Fillon dali não sai e dali ninguém o tira a não ser talvez Alain Juppé
Foi enquanto François Fillon discursava ontem, perante grupos de apoiantes da sociedade civil, que Bernard Accoyer, secretário-geral d"Os Republicanos, partido que apoia o candidato, decidiu antecipar para amanhã a comissão política que estava marcada para terça, com o intuito de "avaliar a situação".

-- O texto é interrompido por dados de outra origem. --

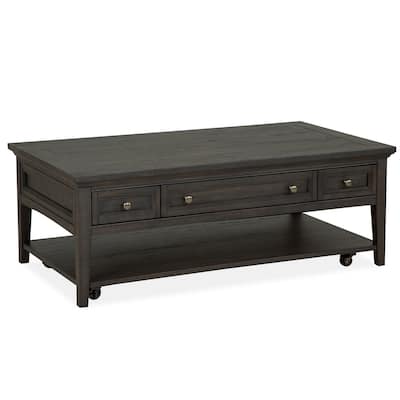 Magnussen Home Westley Falls Graphite Rectangular Cocktail Table with Casters - 50''W x 28''D x 18''H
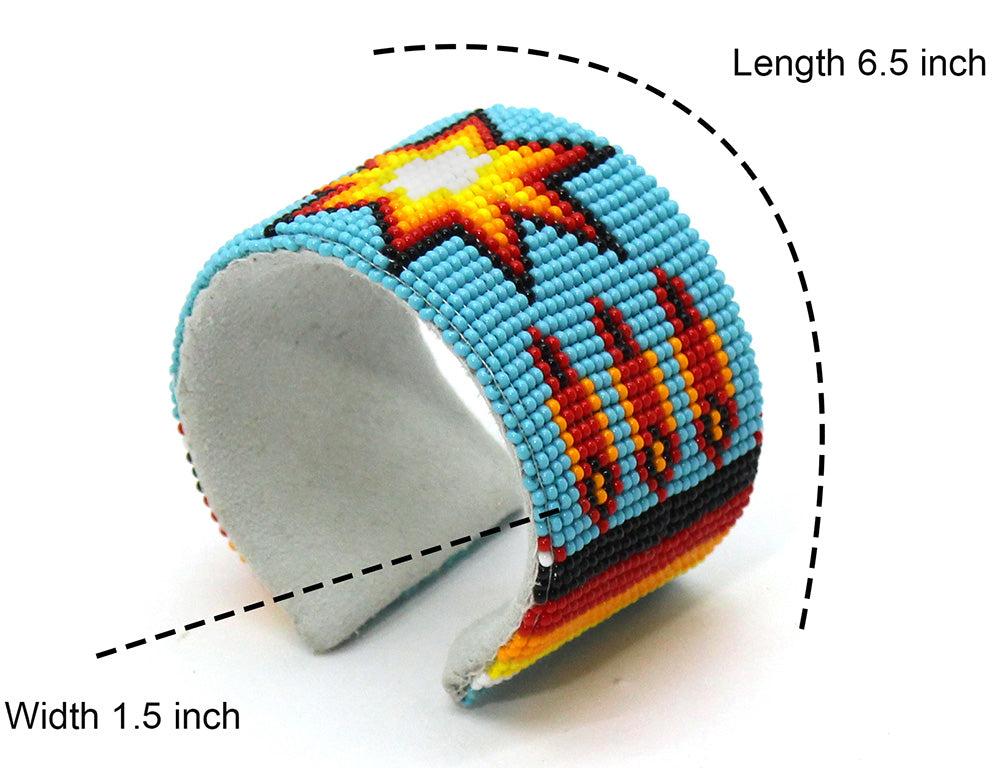 Handmade Beaded Cuff Bracelet with Cyan Blue and Yellow Star Pattern - Adjustable Length 6.5 inches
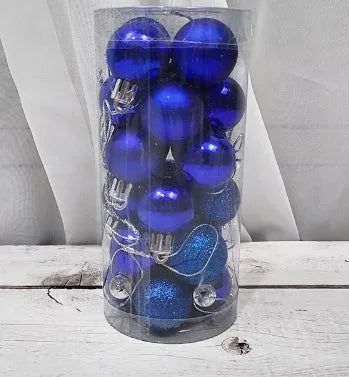 Assorted metallic gold, red, silver, and blue 3cm plastic Christmas bauble ornaments in a box.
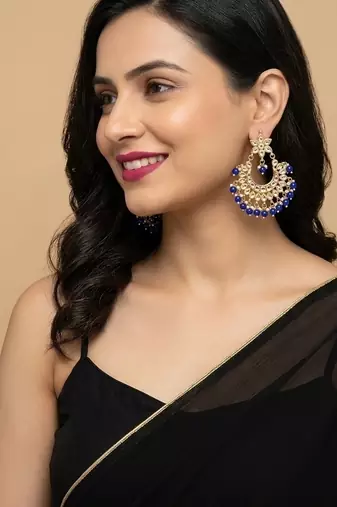 Blue kundan chandbali earrings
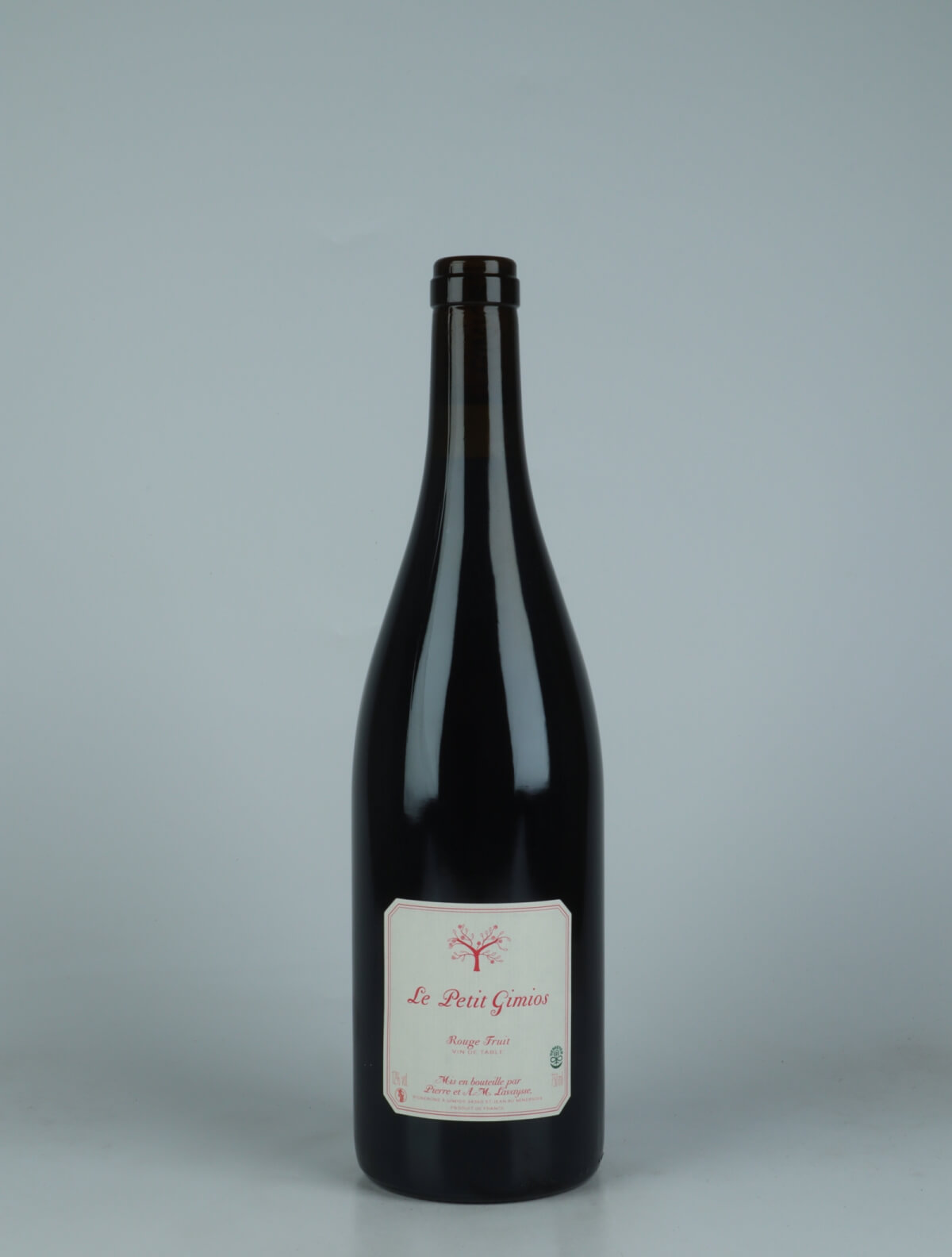 A bottle 2023 Rouge Fruit Red wine from Le Petit Domaine de Gimios, Roussillon in France
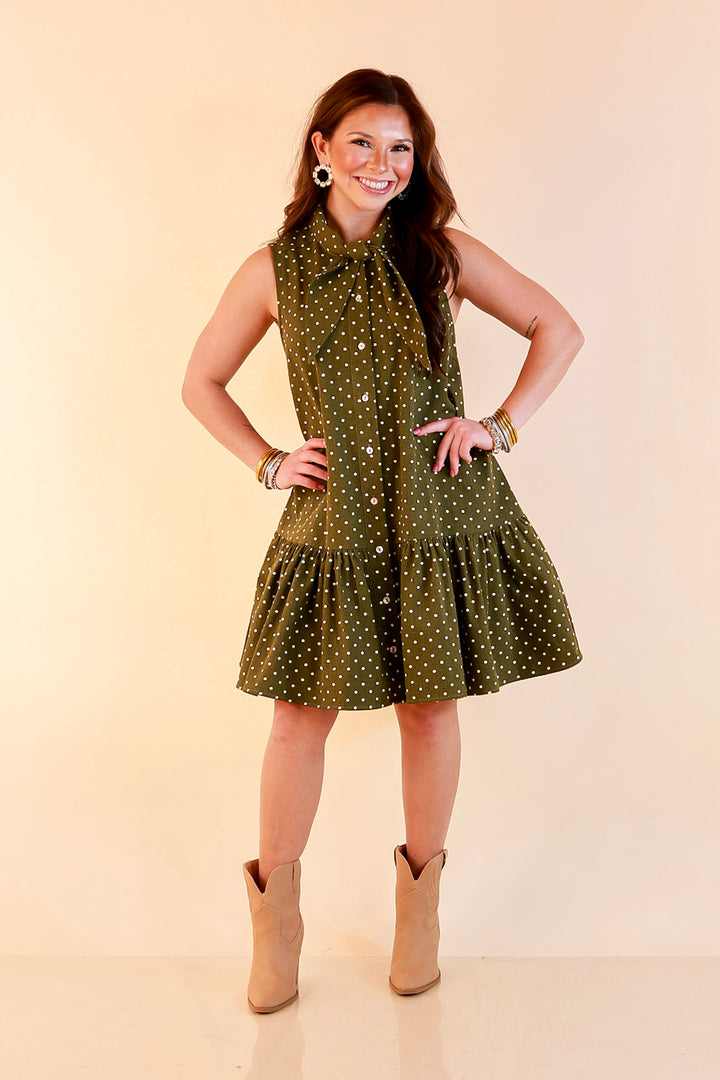 Sweet Spot Denim Polka Dot Bow Neck Tie Button Front Drop Waist Dress in Olive Green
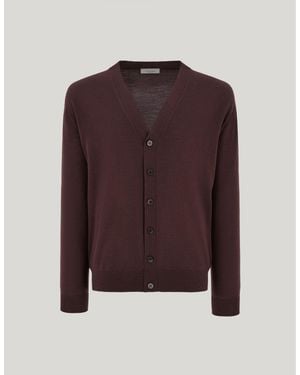 Canali Nuvola Burgundy Seamless Merino Wool Cardigan - Purple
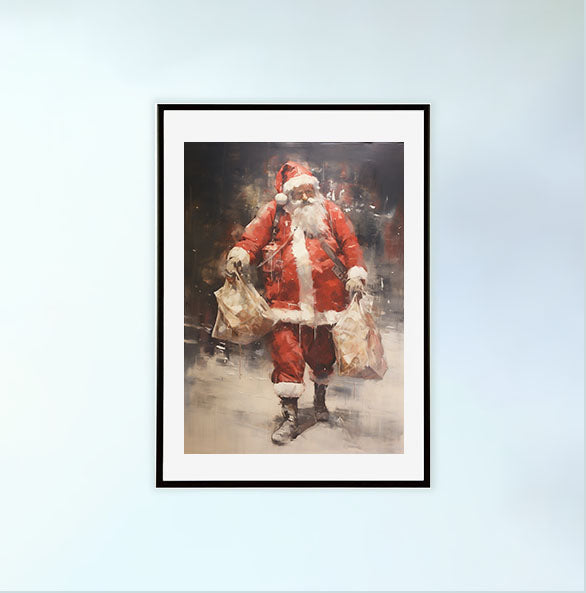 クリスマスのアートポスター黒フレームあり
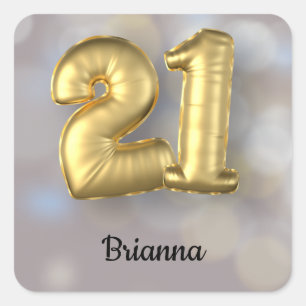 Eenentwintig 21 Gouden Ballons met Naam Vierkante Sticker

Até quando irá resistir François Fillon? Nas eleições presidenciais francesas tudo parece depender da resposta a esta pergunta. Apesar de cada vez mais pressionado para atirar a toalha ao chão e sair de cena, o candidato da direita tradicional mostra-se, pelo menos para já, imperturbável na decisão de continuar na corrida, contra tudo e contra todos. Fillon parece mesmo ter adotado como mantra os versos "daqui não saio, daqui ninguém me tira".
Mesmo que em política seja sempre demasiado cedo para escrever epitáfios, a última semana deverá, ao que tudo indica, ter sido fatal para as aspirações de François Fillon. Ficou a saber-se que será constituído arguido - no caso dos alegados empregos fictícios que terá oferecido à mulher e aos filhos - e viu muitos à sua volta abandonarem o barco, inclusivamente o diretor de campanha. Patrick Stefanini ainda estará hoje na organização do comício que Fillon irá dar na praça do Trocadéro, em Paris, mas amanhã passará a pasta a Vincent Chriqui.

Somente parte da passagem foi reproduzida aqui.